Task material:
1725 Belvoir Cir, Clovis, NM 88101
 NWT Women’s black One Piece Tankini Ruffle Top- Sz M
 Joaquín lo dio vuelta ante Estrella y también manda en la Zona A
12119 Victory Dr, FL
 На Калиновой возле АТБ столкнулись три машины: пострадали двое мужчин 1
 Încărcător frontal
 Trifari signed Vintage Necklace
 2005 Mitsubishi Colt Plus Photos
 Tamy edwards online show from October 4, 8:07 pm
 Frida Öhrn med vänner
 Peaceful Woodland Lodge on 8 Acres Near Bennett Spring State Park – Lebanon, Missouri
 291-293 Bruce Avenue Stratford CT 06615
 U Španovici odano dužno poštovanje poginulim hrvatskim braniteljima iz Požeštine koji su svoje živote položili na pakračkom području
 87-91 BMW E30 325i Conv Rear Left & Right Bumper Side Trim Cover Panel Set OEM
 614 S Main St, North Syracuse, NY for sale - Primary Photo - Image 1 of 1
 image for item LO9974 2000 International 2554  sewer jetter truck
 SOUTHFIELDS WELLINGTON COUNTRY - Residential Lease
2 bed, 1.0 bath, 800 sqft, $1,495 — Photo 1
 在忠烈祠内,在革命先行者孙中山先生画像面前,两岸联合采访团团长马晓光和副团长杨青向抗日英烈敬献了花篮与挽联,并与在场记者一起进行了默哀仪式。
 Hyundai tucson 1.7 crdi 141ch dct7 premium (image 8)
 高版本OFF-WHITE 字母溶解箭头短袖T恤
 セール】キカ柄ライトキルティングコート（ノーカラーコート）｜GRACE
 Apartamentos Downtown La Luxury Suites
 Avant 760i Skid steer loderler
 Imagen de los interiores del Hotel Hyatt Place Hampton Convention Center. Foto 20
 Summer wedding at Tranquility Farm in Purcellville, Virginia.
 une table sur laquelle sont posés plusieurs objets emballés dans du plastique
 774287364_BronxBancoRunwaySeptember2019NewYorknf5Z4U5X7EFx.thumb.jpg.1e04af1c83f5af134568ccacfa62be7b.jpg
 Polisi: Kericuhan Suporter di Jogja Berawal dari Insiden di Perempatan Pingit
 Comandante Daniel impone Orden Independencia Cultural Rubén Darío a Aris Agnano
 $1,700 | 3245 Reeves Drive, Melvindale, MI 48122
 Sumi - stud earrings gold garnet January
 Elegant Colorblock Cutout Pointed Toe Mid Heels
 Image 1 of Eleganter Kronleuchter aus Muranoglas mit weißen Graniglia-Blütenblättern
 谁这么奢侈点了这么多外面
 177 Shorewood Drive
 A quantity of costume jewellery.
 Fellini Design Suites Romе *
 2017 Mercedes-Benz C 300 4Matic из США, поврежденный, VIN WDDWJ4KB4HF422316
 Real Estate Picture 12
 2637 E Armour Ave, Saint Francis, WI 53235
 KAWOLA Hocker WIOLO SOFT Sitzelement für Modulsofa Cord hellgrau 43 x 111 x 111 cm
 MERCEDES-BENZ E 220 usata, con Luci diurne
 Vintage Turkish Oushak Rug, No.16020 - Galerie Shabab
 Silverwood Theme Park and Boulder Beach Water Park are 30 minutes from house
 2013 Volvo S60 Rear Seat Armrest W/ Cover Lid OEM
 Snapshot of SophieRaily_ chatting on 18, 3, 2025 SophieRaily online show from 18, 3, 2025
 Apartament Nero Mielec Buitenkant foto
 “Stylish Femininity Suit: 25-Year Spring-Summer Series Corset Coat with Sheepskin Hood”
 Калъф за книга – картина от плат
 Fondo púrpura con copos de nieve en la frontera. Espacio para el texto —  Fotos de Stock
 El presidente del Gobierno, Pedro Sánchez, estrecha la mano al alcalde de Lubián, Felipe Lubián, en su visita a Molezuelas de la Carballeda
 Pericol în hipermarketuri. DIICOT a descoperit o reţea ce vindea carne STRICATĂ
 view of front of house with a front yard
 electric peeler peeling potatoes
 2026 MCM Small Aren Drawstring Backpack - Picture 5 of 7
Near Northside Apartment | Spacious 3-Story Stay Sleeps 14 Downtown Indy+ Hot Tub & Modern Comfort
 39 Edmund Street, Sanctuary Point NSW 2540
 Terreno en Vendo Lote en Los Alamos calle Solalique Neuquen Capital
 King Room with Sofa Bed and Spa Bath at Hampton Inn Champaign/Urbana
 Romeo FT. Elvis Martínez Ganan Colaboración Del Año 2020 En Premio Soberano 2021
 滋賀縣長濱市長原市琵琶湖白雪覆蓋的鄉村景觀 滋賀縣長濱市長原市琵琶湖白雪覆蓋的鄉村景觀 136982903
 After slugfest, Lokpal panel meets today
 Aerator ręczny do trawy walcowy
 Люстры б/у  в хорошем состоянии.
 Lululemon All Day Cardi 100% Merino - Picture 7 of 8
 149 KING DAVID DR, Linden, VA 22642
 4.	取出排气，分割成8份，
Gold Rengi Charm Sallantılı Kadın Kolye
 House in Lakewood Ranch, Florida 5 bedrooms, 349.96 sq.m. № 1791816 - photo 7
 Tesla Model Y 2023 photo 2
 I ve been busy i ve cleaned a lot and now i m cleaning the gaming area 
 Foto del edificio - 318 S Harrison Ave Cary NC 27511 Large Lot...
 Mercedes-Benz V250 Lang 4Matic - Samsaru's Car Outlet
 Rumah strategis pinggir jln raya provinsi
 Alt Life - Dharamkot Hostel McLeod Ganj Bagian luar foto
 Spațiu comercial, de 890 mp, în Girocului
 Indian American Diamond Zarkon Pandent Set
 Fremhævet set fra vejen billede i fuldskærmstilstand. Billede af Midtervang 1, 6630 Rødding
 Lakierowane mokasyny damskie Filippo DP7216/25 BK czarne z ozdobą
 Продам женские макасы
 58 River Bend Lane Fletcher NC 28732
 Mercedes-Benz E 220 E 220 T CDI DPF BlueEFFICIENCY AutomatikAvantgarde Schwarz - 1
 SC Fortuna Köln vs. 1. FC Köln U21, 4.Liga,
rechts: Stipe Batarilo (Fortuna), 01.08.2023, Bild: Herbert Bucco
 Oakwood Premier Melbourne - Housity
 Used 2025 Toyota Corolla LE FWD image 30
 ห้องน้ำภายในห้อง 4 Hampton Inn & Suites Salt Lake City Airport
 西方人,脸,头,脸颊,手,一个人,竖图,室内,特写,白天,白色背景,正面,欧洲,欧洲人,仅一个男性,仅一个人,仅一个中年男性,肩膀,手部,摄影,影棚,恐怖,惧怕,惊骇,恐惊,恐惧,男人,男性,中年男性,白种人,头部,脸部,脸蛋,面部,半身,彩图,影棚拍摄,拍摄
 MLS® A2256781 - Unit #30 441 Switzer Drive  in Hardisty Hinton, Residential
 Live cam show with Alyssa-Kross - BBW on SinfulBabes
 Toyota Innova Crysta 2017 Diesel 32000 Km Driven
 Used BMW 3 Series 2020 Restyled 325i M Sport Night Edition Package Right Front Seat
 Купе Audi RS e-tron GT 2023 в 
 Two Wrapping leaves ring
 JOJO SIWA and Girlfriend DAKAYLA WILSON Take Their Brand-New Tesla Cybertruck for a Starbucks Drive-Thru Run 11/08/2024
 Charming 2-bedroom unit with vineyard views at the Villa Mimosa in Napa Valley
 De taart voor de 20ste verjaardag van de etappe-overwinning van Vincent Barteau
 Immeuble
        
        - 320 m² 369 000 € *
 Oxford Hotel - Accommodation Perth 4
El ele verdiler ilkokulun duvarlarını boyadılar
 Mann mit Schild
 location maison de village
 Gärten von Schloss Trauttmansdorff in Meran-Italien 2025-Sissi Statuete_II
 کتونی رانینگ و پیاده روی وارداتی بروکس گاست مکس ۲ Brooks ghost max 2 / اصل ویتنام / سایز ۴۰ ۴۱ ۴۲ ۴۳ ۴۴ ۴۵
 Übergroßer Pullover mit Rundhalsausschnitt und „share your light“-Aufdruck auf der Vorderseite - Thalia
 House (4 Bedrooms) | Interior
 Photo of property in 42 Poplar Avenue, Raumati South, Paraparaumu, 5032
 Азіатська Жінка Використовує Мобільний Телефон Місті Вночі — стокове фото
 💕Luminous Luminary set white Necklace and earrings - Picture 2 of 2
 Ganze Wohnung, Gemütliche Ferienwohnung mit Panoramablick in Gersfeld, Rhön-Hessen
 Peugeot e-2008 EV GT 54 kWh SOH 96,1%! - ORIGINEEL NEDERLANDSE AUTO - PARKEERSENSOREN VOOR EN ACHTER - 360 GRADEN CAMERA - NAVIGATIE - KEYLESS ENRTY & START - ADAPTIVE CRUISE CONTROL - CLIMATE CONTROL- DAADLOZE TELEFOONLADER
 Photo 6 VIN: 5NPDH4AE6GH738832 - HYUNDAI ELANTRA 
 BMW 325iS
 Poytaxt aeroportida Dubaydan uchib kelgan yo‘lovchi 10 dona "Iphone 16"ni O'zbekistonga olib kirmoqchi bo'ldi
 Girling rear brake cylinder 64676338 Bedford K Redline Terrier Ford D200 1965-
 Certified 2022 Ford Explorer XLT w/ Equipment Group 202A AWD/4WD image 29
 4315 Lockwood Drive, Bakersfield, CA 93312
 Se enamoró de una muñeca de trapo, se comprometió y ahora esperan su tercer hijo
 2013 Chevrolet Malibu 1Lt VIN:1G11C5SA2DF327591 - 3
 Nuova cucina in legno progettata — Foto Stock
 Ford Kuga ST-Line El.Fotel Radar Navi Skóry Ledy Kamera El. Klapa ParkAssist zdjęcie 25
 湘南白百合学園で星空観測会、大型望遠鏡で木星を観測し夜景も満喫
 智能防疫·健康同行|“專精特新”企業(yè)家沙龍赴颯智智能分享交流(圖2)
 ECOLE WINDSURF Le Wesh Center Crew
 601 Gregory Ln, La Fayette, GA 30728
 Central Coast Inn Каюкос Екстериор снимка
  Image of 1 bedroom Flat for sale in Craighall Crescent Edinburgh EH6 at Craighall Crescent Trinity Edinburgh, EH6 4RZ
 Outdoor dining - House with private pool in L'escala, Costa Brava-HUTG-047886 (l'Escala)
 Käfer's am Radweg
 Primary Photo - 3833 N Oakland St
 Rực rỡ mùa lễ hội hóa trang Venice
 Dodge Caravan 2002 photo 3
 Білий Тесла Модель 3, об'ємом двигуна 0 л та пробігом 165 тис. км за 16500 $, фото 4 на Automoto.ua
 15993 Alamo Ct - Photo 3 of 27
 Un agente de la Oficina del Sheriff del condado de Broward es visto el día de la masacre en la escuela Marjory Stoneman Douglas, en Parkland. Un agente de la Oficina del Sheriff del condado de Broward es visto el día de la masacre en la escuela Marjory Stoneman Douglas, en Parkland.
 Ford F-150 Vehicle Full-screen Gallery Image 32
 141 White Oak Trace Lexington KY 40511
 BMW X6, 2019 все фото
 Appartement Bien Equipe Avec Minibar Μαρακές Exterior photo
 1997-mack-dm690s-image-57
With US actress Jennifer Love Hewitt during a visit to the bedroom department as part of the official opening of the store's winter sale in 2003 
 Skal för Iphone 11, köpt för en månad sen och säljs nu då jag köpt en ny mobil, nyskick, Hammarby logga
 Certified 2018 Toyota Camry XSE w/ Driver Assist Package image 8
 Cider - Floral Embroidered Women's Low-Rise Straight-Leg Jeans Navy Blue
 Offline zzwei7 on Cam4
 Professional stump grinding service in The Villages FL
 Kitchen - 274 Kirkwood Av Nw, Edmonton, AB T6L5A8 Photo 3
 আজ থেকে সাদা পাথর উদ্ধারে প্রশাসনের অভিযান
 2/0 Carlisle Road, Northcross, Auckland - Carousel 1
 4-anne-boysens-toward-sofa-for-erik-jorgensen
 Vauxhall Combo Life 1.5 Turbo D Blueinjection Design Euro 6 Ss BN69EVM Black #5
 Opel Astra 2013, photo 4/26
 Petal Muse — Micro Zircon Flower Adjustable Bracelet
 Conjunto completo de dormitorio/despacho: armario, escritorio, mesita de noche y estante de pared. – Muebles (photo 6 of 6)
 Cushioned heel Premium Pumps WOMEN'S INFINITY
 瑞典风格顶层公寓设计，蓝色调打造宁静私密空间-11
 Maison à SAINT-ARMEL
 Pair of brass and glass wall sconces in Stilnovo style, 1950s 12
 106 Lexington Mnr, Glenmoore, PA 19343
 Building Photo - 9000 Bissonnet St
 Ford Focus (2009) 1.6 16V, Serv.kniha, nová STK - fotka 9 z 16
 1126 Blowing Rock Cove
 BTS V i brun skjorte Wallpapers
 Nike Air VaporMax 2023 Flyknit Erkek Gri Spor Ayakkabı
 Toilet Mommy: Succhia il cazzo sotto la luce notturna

Brief: Referring to the material above, set down exactly the lines between the line with "Photo 6 VIN: 5NPDH4AE6GH738832" and the line with "Certified 2022 Ford", inclusive, and no other lines.

Written solution:
 Photo 6 VIN: 5NPDH4AE6GH738832 - HYUNDAI ELANTRA 
 BMW 325iS
 Poytaxt aeroportida Dubaydan uchib kelgan yo‘lovchi 10 dona "Iphone 16"ni O'zbekistonga olib kirmoqchi bo'ldi
 Girling rear brake cylinder 64676338 Bedford K Redline Terrier Ford D200 1965-
 Certified 2022 Ford Explorer XLT w/ Equipment Group 202A AWD/4WD image 29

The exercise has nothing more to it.